The children of Israel again did that which was evil in the sight of Jehovah; and Jehovah delivered them into the hand of the Philistines forty years.
2 En er was een man van Zora, uit het geslacht van een Daniet, wiens naam was Manoach; en zijn huisvrouw was onvruchtbaar en baarde niet.
There was a certain man of Zorah, of the family of the Danites, whose name was Manoah; and his wife was barren, and did not bear.
3 En een Engel des HEEREN verscheen aan deze vrouw, en Hij zeide tot haar: Zie nu, gij zijt onvruchtbaar, en hebt niet gebaard; maar gij zult zwanger worden, en een zoon baren.
The angel of Jehovah appeared to the woman, and said to her, "See now, you are barren, and do not bear; but you shall conceive, and bear a son.
4 Zo wacht u toch nu, en drink geen wijn noch sterken drank, en eet niets onreins.
Now therefore please be careful and drink no wine nor strong drink, and do not eat any unclean thing.
5 Want zie, gij zult zwanger worden, en een zoon baren, op wiens hoofd geen scheermes zal komen; want dat knechtje zal een Nazireer Gods zijn, van moeders buik af; en hij zal beginnen Israel te verlossen uit der Filistijnen hand.
For look, you shall conceive, and bear a son; and no razor will come on his head; for the child shall be a Nazirite to God from the womb. And he shall begin to save Israel out of the hand of the Philistines."
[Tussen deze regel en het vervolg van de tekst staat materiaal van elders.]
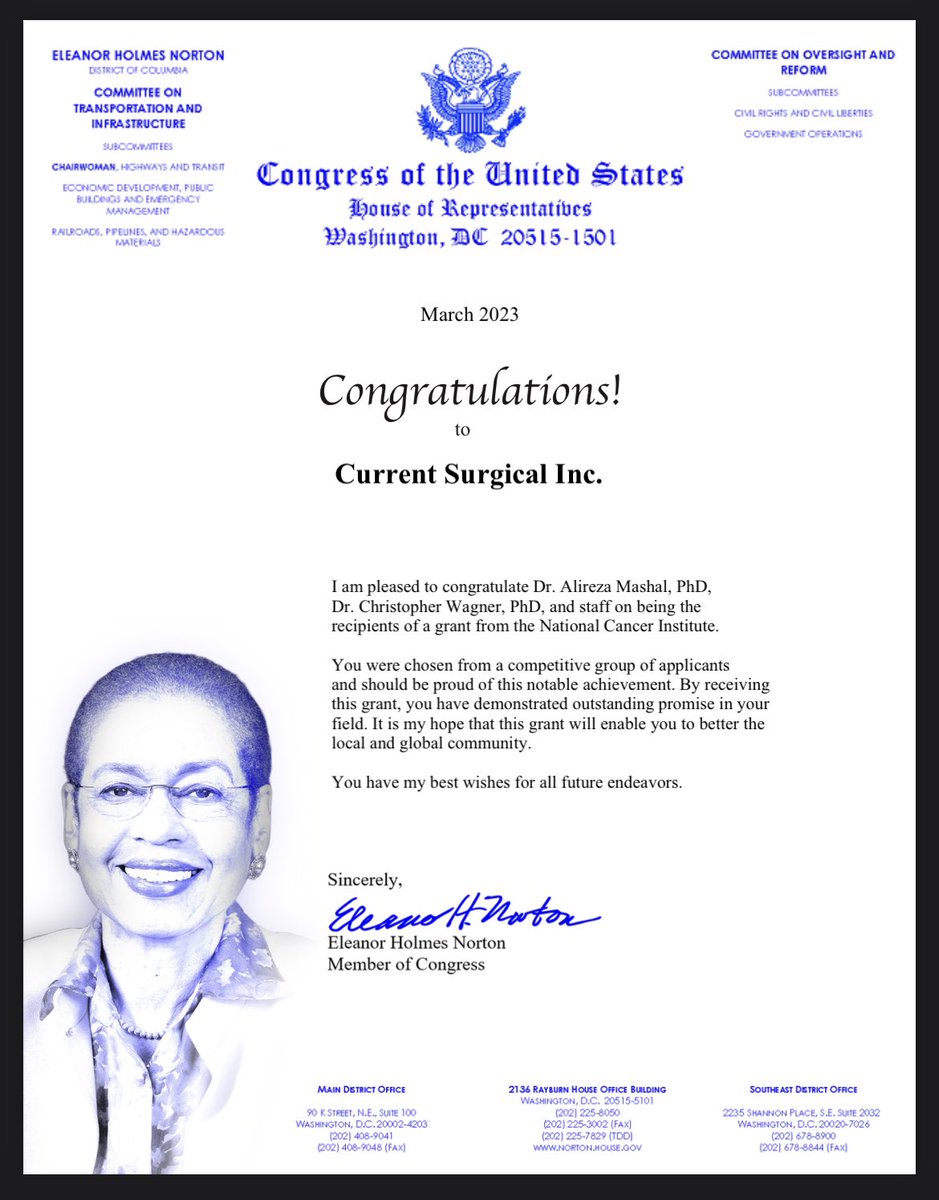al_mashal's tweet image. Thanks so much for the shoutout @EleanorNorton! We appreciate all the support we’ve received from our DC community and are excited to use our new @nihseed @NCIsbir grant to help millions of patients receive curative surgery without the traditional limitations.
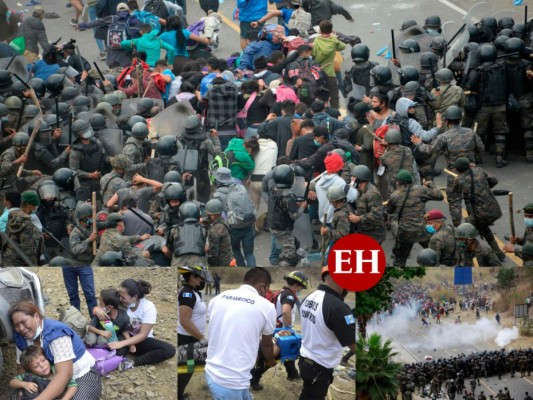 ¡Imágenes que duelen! El violento desalojo a la caravana migrante en Chiquimula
6 Toen kwam deze vrouw in, en sprak tot haar man, zeggende: Er kwam een Man Gods tot mij, Wiens aangezicht was als het aangezicht van een Engel Gods, zeer vreselijk; en ik vraagde Hem niet, van waar Hij was, en Zijn naam gaf Hij mij niet te kennen.
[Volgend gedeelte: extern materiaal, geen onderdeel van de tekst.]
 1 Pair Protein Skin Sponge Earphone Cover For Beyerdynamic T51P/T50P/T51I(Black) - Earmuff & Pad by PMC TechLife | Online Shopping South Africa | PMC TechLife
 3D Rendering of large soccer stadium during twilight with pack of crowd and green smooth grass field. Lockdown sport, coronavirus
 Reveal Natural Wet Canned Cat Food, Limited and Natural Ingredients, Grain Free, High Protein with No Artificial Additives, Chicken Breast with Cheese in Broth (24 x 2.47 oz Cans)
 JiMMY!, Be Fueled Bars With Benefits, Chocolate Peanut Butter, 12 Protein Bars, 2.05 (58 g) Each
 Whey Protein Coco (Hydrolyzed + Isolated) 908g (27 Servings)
Then the woman came and told her husband, saying, "A man of God came to me, and his face was like the face of the angel of God, very awesome; and I didn't ask him where he was from, neither did he tell me his name,
7 Maar Hij zeide tot mij: Zie, gij zult zwanger worden, en een zoon baren; zo drink nu geen wijn noch sterken drank, en eet niets onreins; want dat knechtje zal een Nazireer Gods zijn, van moeders buik af tot op den dag zijns doods.
but he said to me, 'Look, you shall conceive, and bear a son. And now drink no wine nor strong drink, and do not eat any unclean thing; for the child shall be a Nazirite to God from the womb until the day of his death.'"
8 Toen aanbad Manoach den HEERE vuriglijk, en zeide: Och, HEERE! dat toch de Man Gods, Dien Gij gezonden hebt, weder tot ons kome, en ons lere, wat we dat knechtje doen zullen, dat geboren zal worden.
Then Manoah pleaded with Jehovah, and said, "Oh, Lord, please let the man of God whom you did send come again to us, and teach us what we shall do to the child who shall be born."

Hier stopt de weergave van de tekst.